Two Oscar-winning actresses do a delicate dance around a dicey subject built on tabloid fodder

May December
Starring Natalie Portman & Julianne Moore
Directed by Todd Haynes
Rated R
In limited release Friday, Nov. 17; on Netflix Dec. 1
A Hollywood actress preps for a provocative, ripped-from-the-headlines role in this deliciously dark exploration of sexual manipulation, forbidden love, deep-dish obsession and the porous boundary between entertainment and reality. Taking its title from the shorthand phrase for a relationship with a wide age gap between partners, May December pairs two formidable Oscar-winning actresses in a delicate dance around a dicey subject: a scandalous liaison and the sexual exploitation of a child.
Natalie Portman stars as Elizabeth, a well-known TV actress who comes to the small Southern town of Savannah, Ga., to spend some time with the real woman she’ll be playing for “reel” in a movie about a decades-old chapter from her disreputable past. Julianne Moore is Gracie, a character closely based on Mary Kay Letourneau, the infamous schoolteacher who was sentenced to seven years in prison in the ‘90s for inappropriate sexual relations with one of her students, a 12-year-old boy that she pleaded guilty to raping when he was a sixth grader.
Like Letourneau, Gracie and her student/lover later married and started having children. He’s 36 years old now as we meet him as the movie opens, a dad with twins about to graduate from high school and another—born while Gracie was in the hoosekow—enrolled in college. Clearly Joe (in a solid, heart-wrenching performance by Charles Melton) is carrying the emotional baggage of a lost youth, an emotionally stunted man-child thrust into adulthood too soon. And unlike the Monarch butterflies he raises as a hobby, Joe can’t emerge from his confining, life-defining cocoon of fate with Gracie. There’s no way he can leave his past behind, spread his wings and just fly away from it all.
As Elizabeth researches her role, she tries to get inside Gracie’s head, to understand what makes her tick. Gracie, herself lost in her own cocooned concocted fantasy of a wholly consensual, misunderstood relationship, resents the intrusion of show biz, shining the glare of its spotlight into her life. And Joe is caught in the middle, where eventually a line is crossed and Elizabeth discovers that she and Gracie may not be that different, after all.

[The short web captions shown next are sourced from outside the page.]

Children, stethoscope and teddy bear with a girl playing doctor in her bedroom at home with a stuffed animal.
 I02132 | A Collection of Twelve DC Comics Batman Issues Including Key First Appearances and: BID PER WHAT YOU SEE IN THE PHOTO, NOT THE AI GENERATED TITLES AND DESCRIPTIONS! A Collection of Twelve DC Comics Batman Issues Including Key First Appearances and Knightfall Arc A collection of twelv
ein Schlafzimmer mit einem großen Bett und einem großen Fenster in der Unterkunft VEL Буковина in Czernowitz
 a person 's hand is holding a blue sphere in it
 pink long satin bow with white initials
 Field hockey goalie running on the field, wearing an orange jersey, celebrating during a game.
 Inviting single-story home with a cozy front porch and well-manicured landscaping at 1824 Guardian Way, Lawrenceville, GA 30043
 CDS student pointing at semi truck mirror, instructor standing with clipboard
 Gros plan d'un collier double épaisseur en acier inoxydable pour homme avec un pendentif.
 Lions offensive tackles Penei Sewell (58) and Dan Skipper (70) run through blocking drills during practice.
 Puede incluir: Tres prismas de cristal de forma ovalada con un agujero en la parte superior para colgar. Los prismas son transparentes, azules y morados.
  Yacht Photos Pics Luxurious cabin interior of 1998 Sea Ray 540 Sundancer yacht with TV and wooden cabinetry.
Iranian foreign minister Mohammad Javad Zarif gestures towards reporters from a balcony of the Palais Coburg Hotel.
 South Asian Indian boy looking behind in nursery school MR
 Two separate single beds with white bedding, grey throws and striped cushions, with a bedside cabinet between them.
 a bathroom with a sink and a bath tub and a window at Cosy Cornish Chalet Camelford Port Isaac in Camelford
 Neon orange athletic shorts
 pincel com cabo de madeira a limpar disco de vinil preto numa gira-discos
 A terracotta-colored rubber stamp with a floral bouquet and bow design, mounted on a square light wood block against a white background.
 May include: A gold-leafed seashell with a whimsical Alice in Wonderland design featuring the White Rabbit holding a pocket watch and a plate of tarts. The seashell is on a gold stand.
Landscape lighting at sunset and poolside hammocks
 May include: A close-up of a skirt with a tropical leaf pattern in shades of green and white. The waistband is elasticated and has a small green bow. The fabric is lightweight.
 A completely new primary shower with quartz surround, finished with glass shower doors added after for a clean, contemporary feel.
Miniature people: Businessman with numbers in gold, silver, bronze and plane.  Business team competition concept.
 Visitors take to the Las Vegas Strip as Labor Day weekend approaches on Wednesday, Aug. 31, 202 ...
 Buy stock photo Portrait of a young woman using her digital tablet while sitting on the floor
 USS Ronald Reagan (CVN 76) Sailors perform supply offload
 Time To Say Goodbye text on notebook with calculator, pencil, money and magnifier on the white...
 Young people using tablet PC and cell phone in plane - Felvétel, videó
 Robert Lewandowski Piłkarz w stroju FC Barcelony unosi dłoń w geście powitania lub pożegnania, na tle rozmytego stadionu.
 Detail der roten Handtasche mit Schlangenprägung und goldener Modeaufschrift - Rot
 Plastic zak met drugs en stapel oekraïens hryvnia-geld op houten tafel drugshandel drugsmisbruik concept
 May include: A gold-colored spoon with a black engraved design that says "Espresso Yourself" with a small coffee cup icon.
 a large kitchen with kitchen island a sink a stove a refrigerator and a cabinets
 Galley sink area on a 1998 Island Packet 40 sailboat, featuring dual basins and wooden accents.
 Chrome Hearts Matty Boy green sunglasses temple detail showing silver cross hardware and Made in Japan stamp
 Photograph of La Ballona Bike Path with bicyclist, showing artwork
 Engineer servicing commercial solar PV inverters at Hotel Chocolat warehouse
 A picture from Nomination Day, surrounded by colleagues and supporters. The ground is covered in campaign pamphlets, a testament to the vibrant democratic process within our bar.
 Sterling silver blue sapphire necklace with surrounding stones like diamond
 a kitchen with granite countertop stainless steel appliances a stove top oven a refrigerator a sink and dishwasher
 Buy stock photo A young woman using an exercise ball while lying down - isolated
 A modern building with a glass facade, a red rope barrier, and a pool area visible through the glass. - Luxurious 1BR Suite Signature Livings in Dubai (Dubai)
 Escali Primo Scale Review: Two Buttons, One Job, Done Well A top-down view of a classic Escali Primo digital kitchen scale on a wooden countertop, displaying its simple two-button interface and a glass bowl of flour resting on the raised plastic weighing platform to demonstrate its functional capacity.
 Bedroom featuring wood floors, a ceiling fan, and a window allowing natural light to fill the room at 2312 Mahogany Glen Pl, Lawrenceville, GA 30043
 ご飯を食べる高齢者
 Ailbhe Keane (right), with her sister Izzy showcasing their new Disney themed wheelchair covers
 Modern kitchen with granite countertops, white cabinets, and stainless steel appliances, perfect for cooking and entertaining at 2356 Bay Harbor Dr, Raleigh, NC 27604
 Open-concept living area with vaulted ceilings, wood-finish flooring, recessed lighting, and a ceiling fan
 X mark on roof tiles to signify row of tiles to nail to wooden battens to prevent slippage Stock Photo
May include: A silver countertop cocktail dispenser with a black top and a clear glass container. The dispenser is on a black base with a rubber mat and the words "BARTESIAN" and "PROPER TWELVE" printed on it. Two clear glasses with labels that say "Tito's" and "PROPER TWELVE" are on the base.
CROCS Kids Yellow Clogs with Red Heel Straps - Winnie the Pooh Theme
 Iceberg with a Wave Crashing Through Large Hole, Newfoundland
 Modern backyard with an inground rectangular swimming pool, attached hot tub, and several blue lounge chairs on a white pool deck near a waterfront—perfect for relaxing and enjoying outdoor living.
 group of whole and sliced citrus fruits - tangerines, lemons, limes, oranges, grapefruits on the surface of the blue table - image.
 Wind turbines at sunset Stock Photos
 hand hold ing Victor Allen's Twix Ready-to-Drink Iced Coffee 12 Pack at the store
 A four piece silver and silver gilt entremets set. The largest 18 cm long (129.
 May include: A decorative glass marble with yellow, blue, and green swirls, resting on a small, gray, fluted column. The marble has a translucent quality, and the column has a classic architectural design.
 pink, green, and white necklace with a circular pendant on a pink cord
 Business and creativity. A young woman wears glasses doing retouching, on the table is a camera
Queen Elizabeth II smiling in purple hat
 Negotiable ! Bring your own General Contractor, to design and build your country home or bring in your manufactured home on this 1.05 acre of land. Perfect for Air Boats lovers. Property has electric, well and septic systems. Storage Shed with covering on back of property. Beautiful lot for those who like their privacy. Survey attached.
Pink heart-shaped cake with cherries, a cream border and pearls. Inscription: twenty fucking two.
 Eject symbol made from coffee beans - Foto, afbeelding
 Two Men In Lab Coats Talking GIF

Director Haynes, a lauded filmmaker whose previous work includes Carol, Mildred Pearce, Dark Water and biopics on Bob Dylan and Cher, walks this precariously tense familial tightrope (there’s even a bar band doing a ragged rendition of Leon Russell’s song 1972 hit “Tight Rope”) with dollops of subversive humor, analogies for predators and prey, and scathing swipes at America’s apparently insatiable appetite for true-crime programming, boldly biting the Netflix hand that feeds his project. A scene in a dress shop, in which fitting-room mirrors resemble the myriad reflections in a carnival funhouse, suggests that fabrication and real experience have become nearly indistinguishable from each other, conveniently merged for our carnivorous consumerism, our entertainment and amusement.

Even though Moore tends to chew the scenery here and there, taking her performance over the top into meaty melodrama and campy cheese, she does convey the skewed reality of a woman who did the crime and did the time, but now spends her days refusing to confront any of it or the damage it caused. Portman is the audience’s surrogate, looking into a situation and trying to understand it, then being pulled deep into it.
Together, they pull you into this tawdry tale based on taboo fodder, elevating it in the process to something much more profound, and more unflinchingly honest.